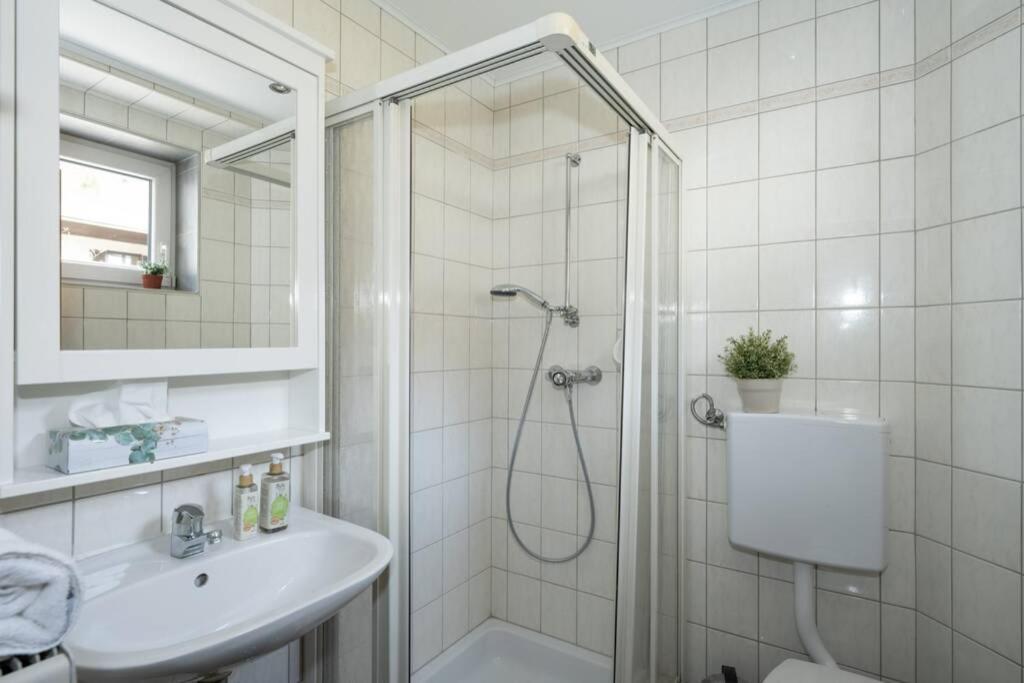 Schoenes Ferienhaus Mit Garten Pörtschach am Wörthersee Zewnętrze zdjęcie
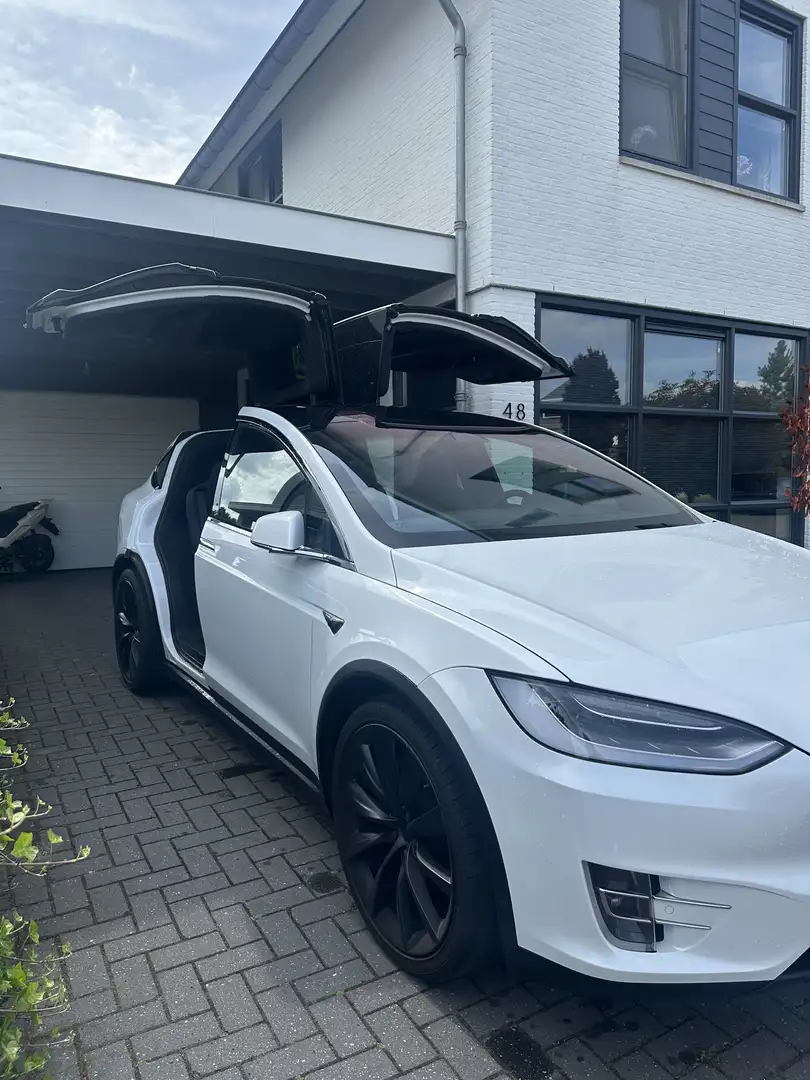 Tesla Model X 100D Performance Weiß - 1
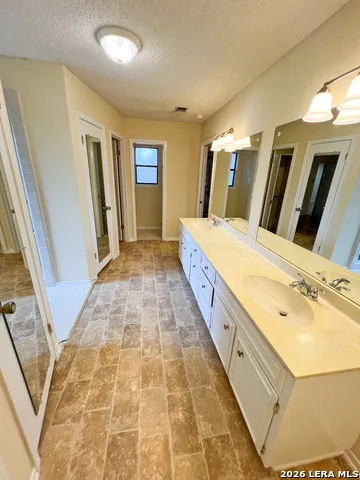 5809 WINTERHAVEN DR Windcrest, TX 78239
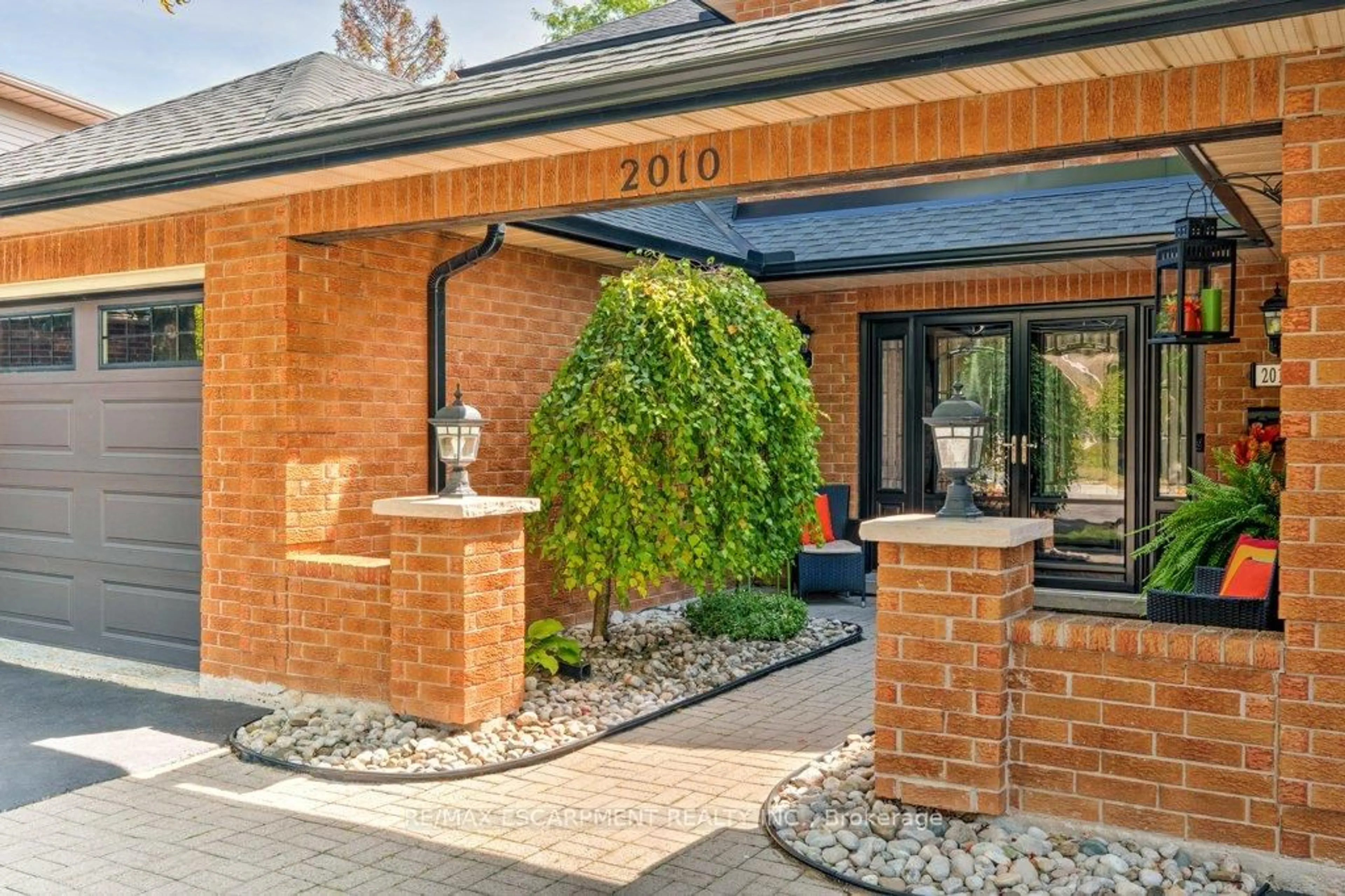 Unknown for 2010 WINDY OAKS Dr, Burlington Ontario L7M 2R3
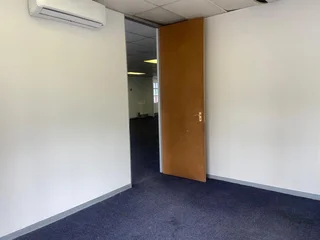 338 sqm Office To Let in Bryanston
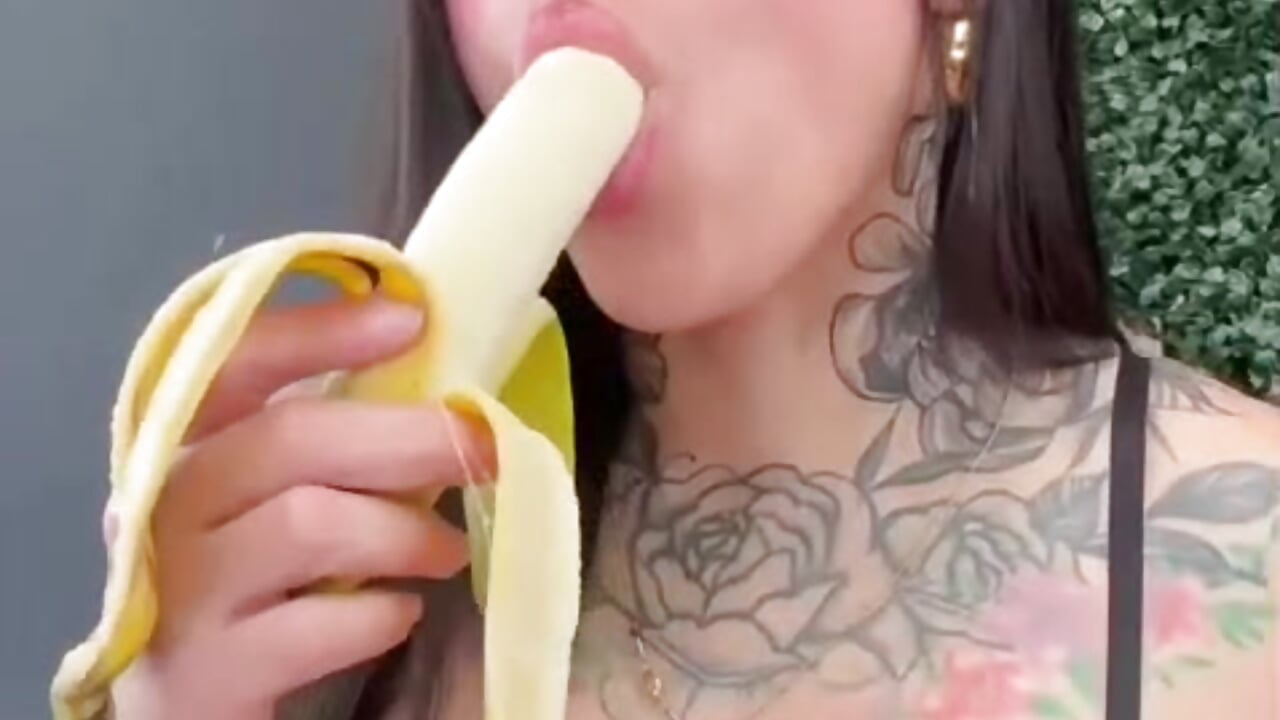 Sexy banana blowjob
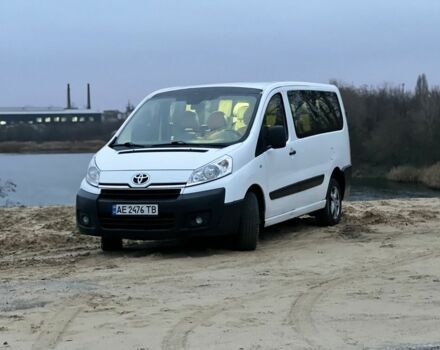 Белый Тойота Авенсис, объемом двигателя 2 л и пробегом 244 тыс. км за 7800 $, фото 1 на Automoto.ua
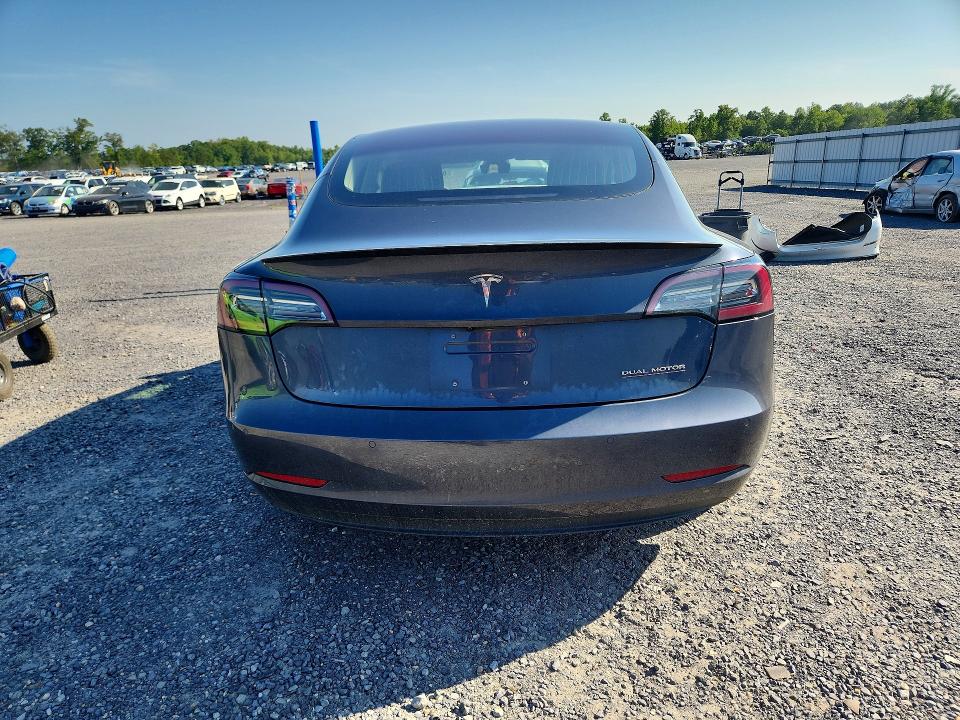 2018 Tesla Model 3 მანქანა იყიდება აუქციონზე, vin: 5YJ3E1EB7JF151371, აუქციონის ნომერი: 60953256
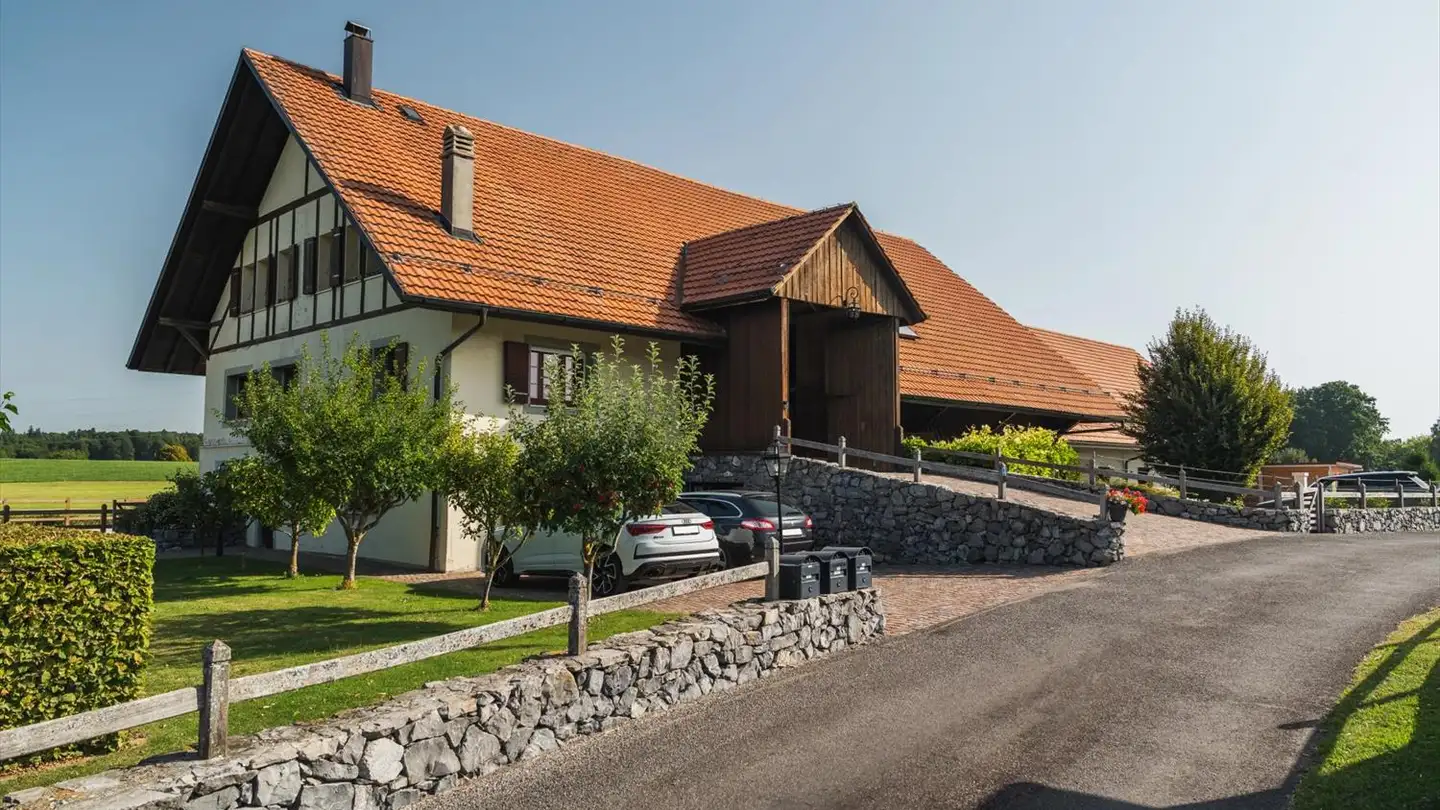 Casa singola in vendita - 1073 Savigny - Photo 2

→ What is needed
The expected output is the whole listing, word for word, minus its pictures.

→ Expected answer
 Schoenes Ferienhaus Mit Garten Pörtschach am Wörthersee Zewnętrze zdjęcie
 Tesla Model X 100D Performance Weiß - 1
 5809 WINTERHAVEN DR Windcrest, TX 78239
 Unknown for 2010 WINDY OAKS Dr, Burlington Ontario L7M 2R3
 338 sqm Office To Let in Bryanston
 Sexy banana blowjob
 Белый Тойота Авенсис, объемом двигателя 2 л и пробегом 244 тыс. км за 7800 $, фото 1 на Automoto.ua
 2018 Tesla Model 3 მანქანა იყიდება აუქციონზე, vin: 5YJ3E1EB7JF151371, აუქციონის ნომერი: 60953256
 Casa singola in vendita - 1073 Savigny - Photo 2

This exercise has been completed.